Their crosswords and puzzles are syndicated in major media organisations including Fairfax and the Bauer Media Group, and in this country alone they distribute 600,000 copies of their various magazines.

The Lovatts’ puzzle story began 40 years ago in Sydney where James was working as a journalist at Fairfax's People magazine - and was asked to create a giant puzzle.

“The editor said ‘Find me someone who can create crosswords without making mistakes’”, James says.

Luckily his wife Christine was an expert – she had been making puzzles and cross words as a hobby for years.

She had started making them to amuse her father as a child in England.

“Mum wanted us kids to keep dad occupied once he got home from work. He was a very restless man!”

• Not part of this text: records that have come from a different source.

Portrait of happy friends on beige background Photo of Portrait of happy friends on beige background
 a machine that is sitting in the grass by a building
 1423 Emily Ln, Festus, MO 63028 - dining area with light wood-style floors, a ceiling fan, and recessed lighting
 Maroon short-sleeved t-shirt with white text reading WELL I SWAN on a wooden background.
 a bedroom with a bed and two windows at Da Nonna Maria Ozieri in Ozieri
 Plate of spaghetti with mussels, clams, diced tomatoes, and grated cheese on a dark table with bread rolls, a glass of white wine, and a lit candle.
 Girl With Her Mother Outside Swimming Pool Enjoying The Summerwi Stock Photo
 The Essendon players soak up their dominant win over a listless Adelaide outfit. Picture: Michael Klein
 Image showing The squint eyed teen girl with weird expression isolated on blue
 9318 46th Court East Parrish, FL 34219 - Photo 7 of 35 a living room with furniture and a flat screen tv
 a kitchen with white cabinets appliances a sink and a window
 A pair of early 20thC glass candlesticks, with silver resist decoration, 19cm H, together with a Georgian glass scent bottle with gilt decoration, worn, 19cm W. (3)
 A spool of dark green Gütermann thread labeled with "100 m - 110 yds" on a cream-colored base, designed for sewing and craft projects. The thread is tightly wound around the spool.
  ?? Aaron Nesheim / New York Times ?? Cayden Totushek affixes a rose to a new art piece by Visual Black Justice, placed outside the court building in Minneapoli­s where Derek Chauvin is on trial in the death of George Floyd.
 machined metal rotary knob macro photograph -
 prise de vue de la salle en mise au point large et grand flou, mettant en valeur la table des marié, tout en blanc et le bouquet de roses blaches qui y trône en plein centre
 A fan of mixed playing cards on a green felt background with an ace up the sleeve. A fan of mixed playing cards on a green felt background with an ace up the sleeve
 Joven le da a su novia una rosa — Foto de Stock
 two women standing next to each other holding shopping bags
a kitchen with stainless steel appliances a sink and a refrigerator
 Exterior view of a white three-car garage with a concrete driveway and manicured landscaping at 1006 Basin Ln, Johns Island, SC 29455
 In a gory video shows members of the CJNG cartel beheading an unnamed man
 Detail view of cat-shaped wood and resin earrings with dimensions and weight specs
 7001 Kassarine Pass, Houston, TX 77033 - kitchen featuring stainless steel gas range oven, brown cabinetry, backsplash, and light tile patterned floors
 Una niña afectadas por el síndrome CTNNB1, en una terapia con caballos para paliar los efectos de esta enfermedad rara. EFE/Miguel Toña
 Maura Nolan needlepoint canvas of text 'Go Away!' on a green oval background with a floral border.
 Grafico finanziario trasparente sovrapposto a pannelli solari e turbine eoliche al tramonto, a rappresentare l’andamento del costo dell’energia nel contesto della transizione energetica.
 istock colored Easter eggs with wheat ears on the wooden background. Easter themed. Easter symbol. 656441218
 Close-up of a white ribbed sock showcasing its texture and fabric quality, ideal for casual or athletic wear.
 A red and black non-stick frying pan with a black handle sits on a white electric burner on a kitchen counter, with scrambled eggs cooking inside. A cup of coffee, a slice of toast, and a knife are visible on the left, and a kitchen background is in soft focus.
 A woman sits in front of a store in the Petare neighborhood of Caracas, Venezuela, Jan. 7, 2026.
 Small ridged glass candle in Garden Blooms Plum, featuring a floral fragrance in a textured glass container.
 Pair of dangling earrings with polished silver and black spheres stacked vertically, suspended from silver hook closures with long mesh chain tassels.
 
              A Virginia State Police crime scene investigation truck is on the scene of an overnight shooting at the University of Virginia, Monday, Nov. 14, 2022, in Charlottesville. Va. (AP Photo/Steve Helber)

The puzzle was a huge success, so Christine quit her job as a nurse and stated compiling them full time.

Soon Fairfax started putting out dedicated puzzle books, and they sold like hot cakes.

“We were bringing out books of puzzles for Fairfax and I found out the first book had sold 135,000 copies and had gone into a reprint, and I remember I came home and said Christine we’re going to become millionaires.”

Fairfax was paying James and Christine royalties for their work but they realised they’d be better off on their own and went solo with their own publishing business.

And they realised that there were plenty of people out there who loved a crossword but weren’t necessarily in the Inspector Morse league. So they made puzzles that were actually solvable.

“I felt the original crossword compilers felt cheated if anyone completed their puzzle,” says Christine.

“You make them solvable, but make them very big.”

At the same time they weren’t “insultingly easy” Christine says.

Christine and James Lovatt.

Christine and James Lovatt. Photo: Supplied

James says from the outset they broadened the scope of words they used.

“You don’t have to take the words just from a dictionary you can take them from general knowledge. And 40 years ago that’s how we decided to approach it - we’d make it general knowledge plus word knowledge.”

Christine’s exceptional compiling abilities were key to the business’s success. 

“Christine had this uncanny ability to visualise a block of words going across each other, so she could see a block of maybe five different words all connecting in her mind’s eye before she committed them to paper,” says James.

The crossword compiler starts first with a blank, symmetrical pattern. 

“You make that pattern and that’s not always easy to make. Then you have to fit the words into the spaces.”

Cryptic crosswords remain a first love for the Lovatts.

“I think they’re our best product, they’re a riddle. Cryptics just about light up the entire brain because there are so many different parts of the brain required to solve it”, says James.

There are only so many ways of setting and therefore solving a cryptic, says Christine, and learning how to do so is like learning a new language.

“There’s usually a trigger in there, otherwise if you’re looking at a cryptic clue it’s just so much mumbo jumbo.”

Tricks include using initials, anagrams, spoonerisms, backwards words and words hidden in other words.

“There’s so many ways of hiding a word in a little snippet of a clue,” says Christine.

And it’s the kind of puzzle only a human can set, James says.

“You can’t get a machine to compile a cryptic crossword.”

They say their business continues to thrive despite other types of publishing being in a parlous state. Most publishers ruined their businesses when the internet came along, James says.

“We should never have made things free on the internet. Murdoch [Rupert] said so, and he was right, Once we’d let the genie out of the bottle it was all too late.

“People will quite willingly pay $3 for a bottle of water, which basically could come out of a tap, and yet the idea of paying for a week’s newspaper subscription with the same amount ‘oh no .. why should I pay for news?’”

Nevertheless he is optimistic about the future of Puzzle publishing in the digital age and the company has a subscription-based website YouPlay.com. They also produce puzzle apps for tablets and smartphones.